The problem ▸ Please write out exactly the lines of the data below from the line holding "Kids Camera Digital" through the line holding "fabric brooches", and leave out the rest.

######

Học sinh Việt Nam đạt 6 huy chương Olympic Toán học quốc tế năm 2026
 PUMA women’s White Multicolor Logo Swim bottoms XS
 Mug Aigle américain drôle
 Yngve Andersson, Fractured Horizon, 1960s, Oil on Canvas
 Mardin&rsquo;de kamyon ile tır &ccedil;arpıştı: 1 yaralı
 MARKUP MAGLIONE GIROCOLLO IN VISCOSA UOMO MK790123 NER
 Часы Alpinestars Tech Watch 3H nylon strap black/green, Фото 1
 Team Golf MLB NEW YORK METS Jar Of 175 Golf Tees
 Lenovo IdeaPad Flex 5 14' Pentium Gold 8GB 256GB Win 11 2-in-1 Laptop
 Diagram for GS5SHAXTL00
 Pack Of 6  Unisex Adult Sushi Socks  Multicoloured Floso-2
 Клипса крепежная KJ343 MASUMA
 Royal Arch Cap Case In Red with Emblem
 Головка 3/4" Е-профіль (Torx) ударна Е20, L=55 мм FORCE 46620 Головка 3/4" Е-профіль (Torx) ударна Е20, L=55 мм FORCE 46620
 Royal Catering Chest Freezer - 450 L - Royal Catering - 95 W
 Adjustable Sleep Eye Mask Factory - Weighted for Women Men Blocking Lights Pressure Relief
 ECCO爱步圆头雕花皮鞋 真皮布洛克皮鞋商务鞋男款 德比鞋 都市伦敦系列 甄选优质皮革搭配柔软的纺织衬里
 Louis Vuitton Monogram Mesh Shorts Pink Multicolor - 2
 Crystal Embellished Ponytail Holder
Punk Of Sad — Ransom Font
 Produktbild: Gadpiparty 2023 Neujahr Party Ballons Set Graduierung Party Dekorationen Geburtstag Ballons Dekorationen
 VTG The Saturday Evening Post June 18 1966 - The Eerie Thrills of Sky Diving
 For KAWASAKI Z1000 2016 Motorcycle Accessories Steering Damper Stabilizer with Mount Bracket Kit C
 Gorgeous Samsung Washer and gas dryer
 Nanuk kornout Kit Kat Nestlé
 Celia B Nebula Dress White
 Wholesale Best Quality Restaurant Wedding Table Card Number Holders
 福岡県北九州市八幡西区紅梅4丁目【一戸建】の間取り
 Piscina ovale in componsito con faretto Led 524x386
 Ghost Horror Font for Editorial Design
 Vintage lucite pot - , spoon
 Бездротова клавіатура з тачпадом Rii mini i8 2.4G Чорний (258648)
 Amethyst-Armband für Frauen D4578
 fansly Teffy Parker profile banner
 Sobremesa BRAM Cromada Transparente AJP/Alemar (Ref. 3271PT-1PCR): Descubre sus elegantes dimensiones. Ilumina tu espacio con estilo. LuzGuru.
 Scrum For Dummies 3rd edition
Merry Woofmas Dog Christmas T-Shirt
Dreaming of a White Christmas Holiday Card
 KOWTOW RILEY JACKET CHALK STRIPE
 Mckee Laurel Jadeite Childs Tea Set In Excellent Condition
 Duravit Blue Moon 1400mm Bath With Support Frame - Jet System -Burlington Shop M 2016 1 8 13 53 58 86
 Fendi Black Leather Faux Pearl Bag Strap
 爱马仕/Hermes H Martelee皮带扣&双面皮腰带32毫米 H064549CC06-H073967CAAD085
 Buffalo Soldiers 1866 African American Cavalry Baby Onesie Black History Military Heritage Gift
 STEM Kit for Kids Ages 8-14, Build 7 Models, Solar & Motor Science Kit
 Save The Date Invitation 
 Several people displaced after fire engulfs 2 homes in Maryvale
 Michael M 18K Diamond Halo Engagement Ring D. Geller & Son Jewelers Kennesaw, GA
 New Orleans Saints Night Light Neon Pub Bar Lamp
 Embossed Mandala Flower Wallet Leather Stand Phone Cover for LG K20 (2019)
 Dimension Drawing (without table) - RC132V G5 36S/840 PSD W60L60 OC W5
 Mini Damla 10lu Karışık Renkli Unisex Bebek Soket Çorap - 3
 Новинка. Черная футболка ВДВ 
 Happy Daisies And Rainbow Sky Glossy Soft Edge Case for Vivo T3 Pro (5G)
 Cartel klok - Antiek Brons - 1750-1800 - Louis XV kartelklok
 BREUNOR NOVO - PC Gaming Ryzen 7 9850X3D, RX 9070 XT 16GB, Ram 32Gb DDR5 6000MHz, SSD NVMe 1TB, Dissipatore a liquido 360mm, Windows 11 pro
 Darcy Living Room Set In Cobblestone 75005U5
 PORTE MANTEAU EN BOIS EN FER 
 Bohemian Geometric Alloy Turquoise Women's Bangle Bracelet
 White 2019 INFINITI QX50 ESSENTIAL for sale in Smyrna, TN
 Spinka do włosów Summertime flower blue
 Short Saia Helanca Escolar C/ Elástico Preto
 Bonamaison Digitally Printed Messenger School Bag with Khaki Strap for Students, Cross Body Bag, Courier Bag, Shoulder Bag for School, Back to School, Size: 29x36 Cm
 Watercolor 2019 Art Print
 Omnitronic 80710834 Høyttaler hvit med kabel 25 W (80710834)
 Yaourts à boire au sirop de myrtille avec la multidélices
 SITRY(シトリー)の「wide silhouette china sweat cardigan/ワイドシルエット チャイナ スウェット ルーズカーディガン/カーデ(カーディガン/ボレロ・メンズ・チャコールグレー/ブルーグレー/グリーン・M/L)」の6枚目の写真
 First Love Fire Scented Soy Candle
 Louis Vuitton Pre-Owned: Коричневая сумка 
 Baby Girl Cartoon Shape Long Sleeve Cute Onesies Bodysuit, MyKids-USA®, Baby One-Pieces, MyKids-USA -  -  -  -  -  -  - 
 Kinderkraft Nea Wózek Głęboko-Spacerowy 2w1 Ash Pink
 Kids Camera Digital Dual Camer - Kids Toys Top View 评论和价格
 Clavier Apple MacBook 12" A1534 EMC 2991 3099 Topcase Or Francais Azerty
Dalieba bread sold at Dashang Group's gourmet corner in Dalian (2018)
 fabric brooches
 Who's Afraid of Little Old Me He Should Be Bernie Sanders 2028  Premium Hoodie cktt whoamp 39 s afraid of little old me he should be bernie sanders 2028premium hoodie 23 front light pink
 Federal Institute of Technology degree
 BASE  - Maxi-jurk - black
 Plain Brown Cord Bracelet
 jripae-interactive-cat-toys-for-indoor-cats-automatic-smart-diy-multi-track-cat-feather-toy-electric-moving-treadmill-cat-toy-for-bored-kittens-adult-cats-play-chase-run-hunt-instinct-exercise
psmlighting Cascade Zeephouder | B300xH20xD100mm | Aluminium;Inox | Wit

######

Solution to the exercise ▸
 Kids Camera Digital Dual Camer - Kids Toys Top View 评论和价格
 Clavier Apple MacBook 12" A1534 EMC 2991 3099 Topcase Or Francais Azerty
Dalieba bread sold at Dashang Group's gourmet corner in Dalian (2018)
 fabric brooches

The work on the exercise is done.